Oglethorpe University since 1945
In 1950 Oglethorpe, under President Philip Weltner, secured accreditation by the Southern Association of Colleges and Schools. (His son, Charles Longstreet Weltner, U.S. congressman and chief justice of the Georgia Supreme Court, was Oglethorpe’s most distinguished alumnus in the contemporary era.) President Weltner initiated one of the earliest efforts to develop a core curriculum as a common learning experience with the twin aims “to make a life and to make a living,” a plan that was applauded by the New York Times. Oglethorpe has continued leadership in the development of a core arts and sciences program, with efforts funded by the National Endowment for the Humanities.

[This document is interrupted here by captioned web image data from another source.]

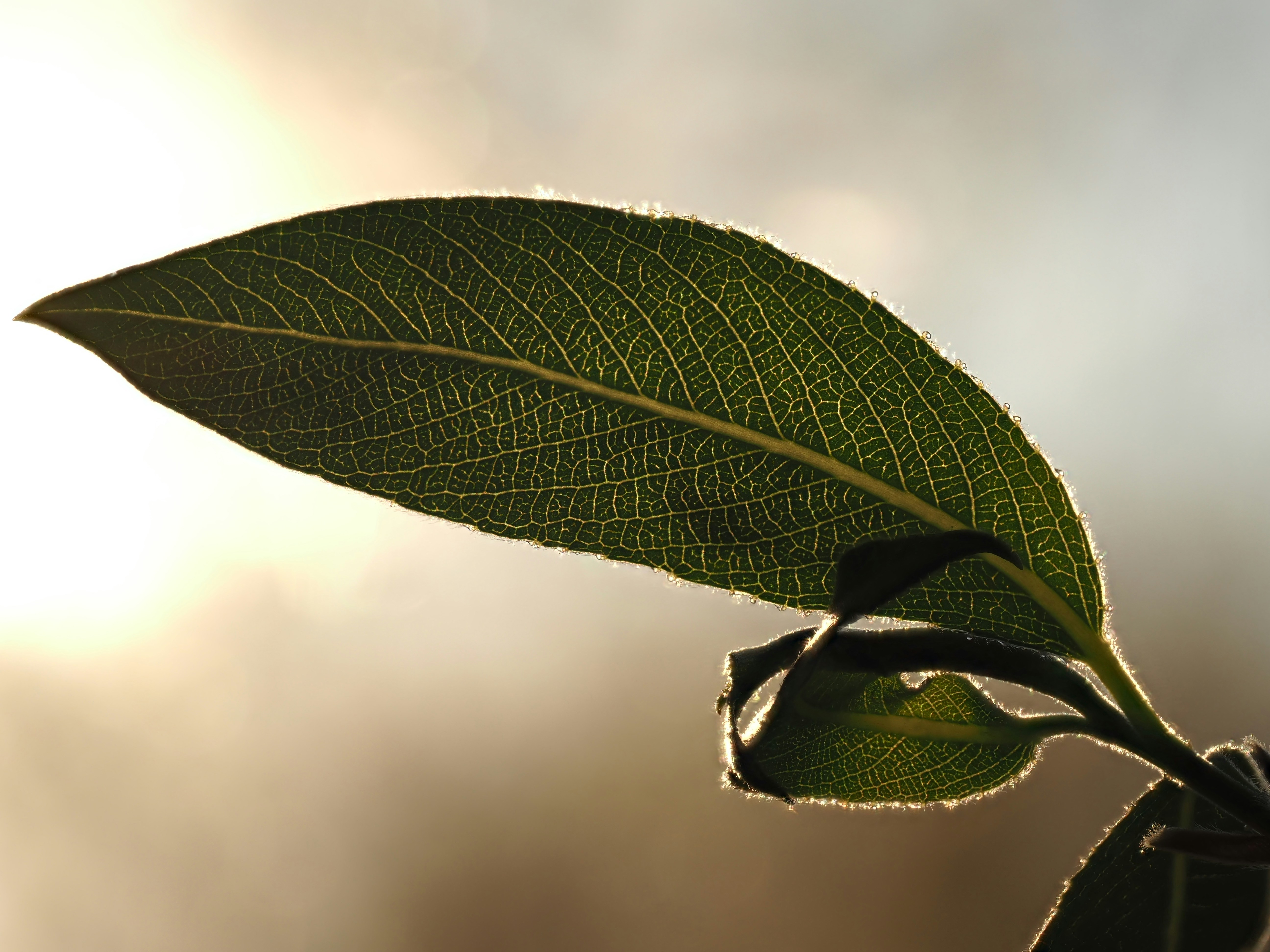 Primer plano de una hoja verde con venas intrincadas.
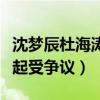 沈夢辰杜海濤綜藝節目叫什么（兩人當初在一起受爭議）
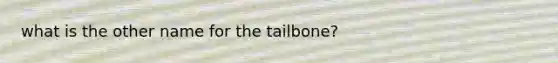 what is the other name for the tailbone?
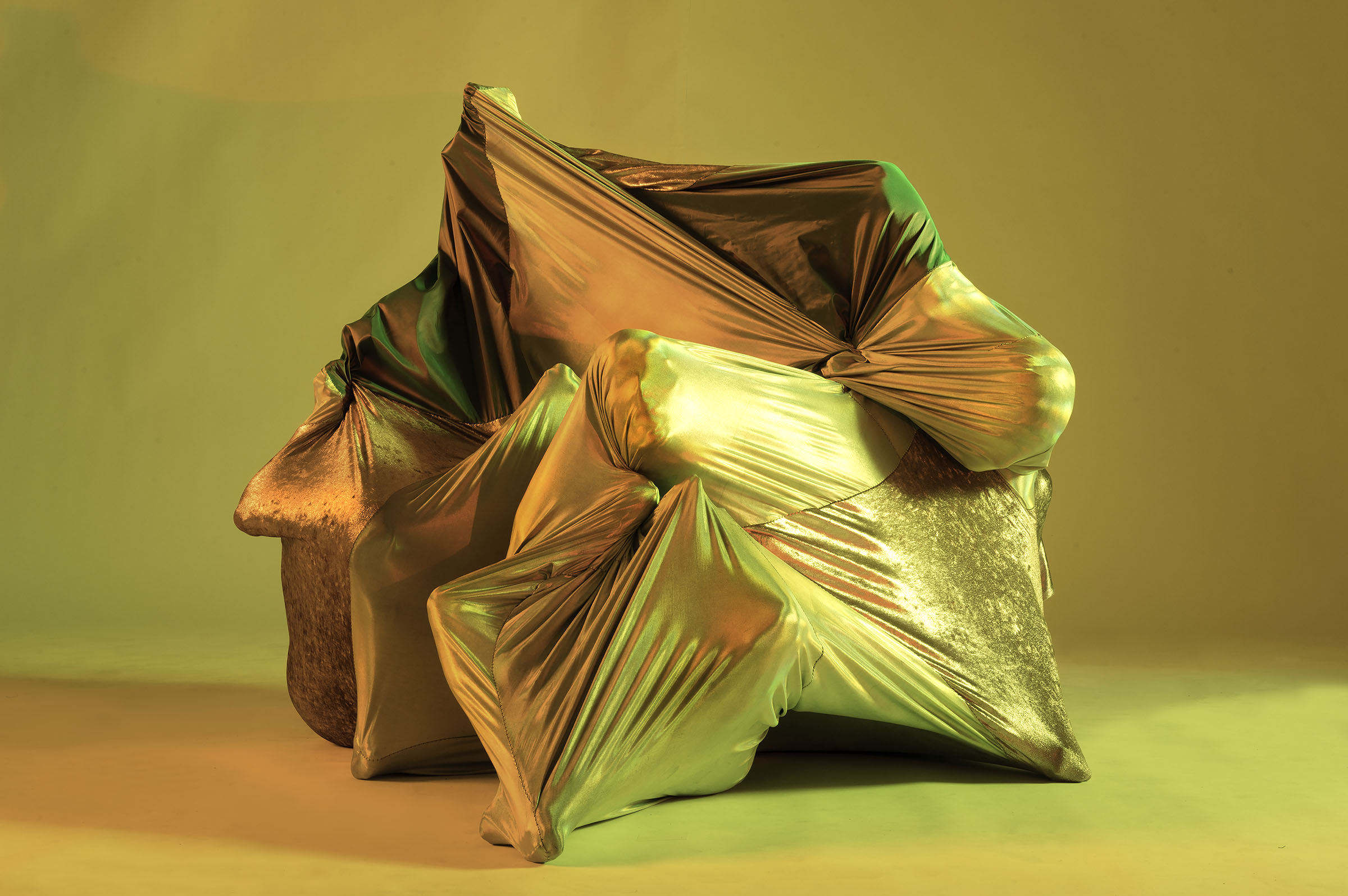 In the Skin of a Painting, Gold Composition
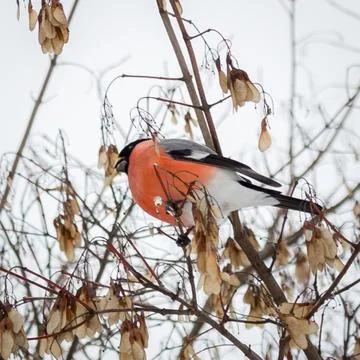 Bullfinch Stock Photos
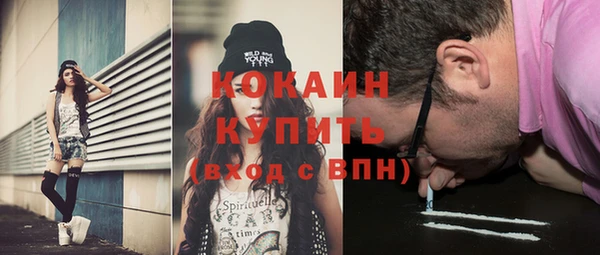 стафф Алексин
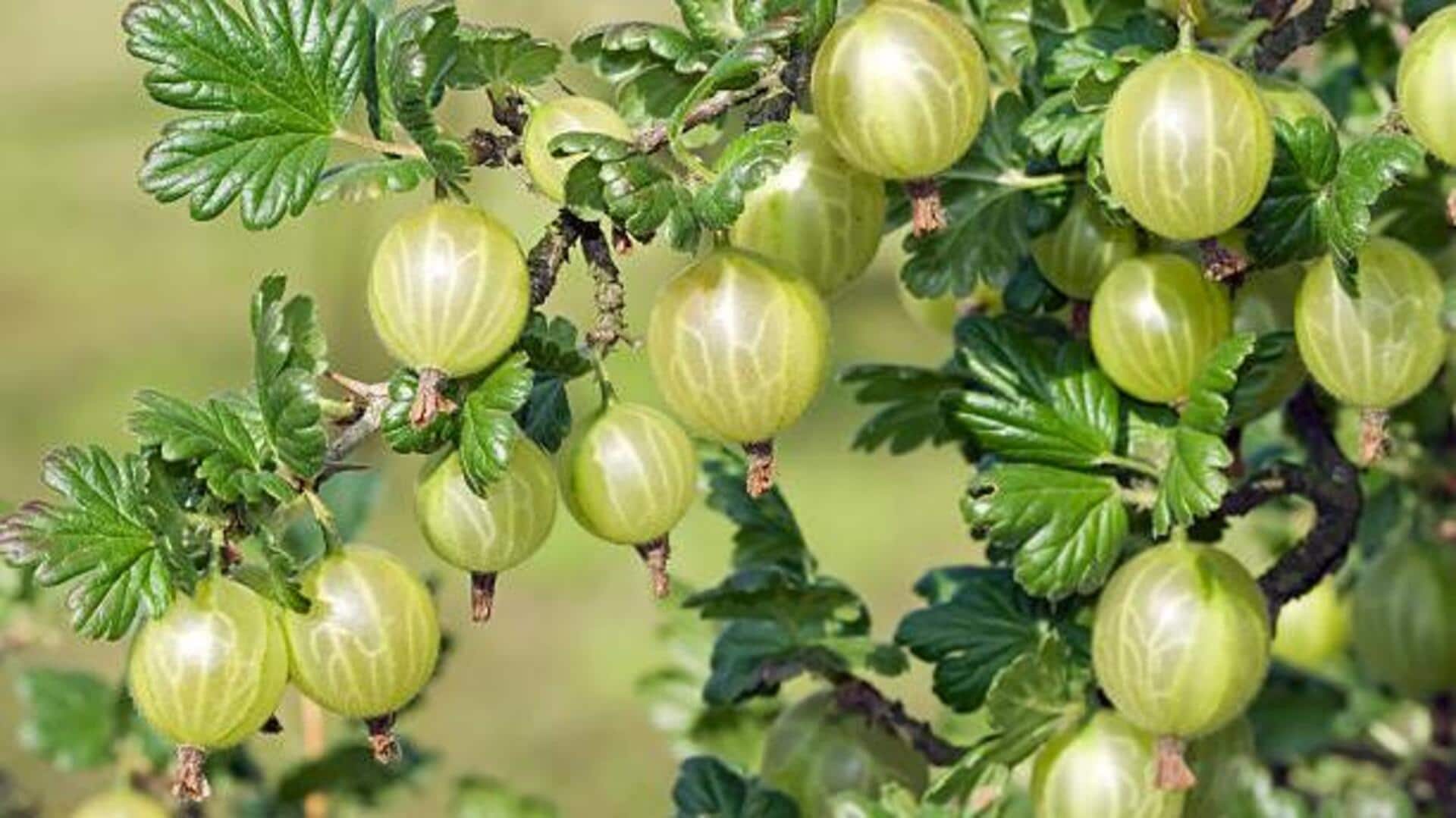 How to use gooseberries in cooking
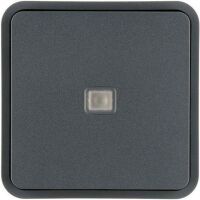 Berker WIPPE M.BESCHRF. KNX GRAU (30763545)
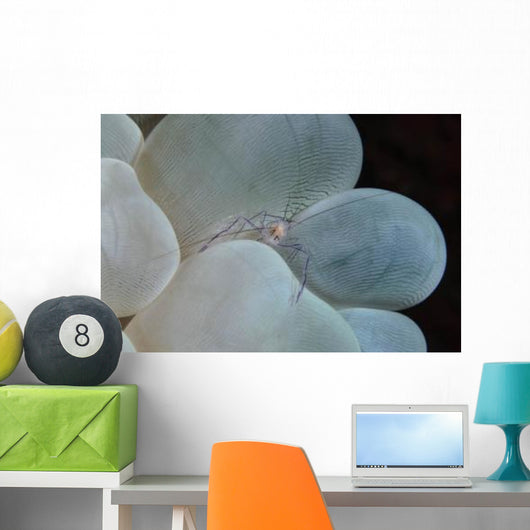 Shrimp Bubble Coral Indonesia Wall Decal Design 2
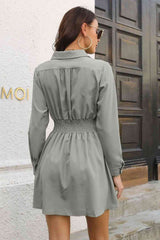 Johnny Collar Smocked Waist Long Sleeve Mini Dress - Trendsi - Flyclothing LLC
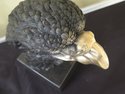 F37312: SIGNATURE STATUARY Bronze Eagle Head On Ma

Since the 1980s Oglethorpe University has been consistently recognized for academic excellence in such publications as the Fiske Guide to Colleges. Long integral to culture in Atlanta, Oglethorpe is the home of the Georgia Shakespeare Festival, which shares the university’s Conant Performing Arts Center. Athletics are played in the Division III Southern Collegiate Athletic Conference, which comprises such academically selective liberal arts colleges as Centre College in Kentucky and the University of the South in Tennessee. Oglethorpe’s enrollment is about 1,300, with plans for controlled growth. The student body, primarily from the South, has become increasingly cosmopolitan; typically it includes students from about thirty states and thirty foreign countries.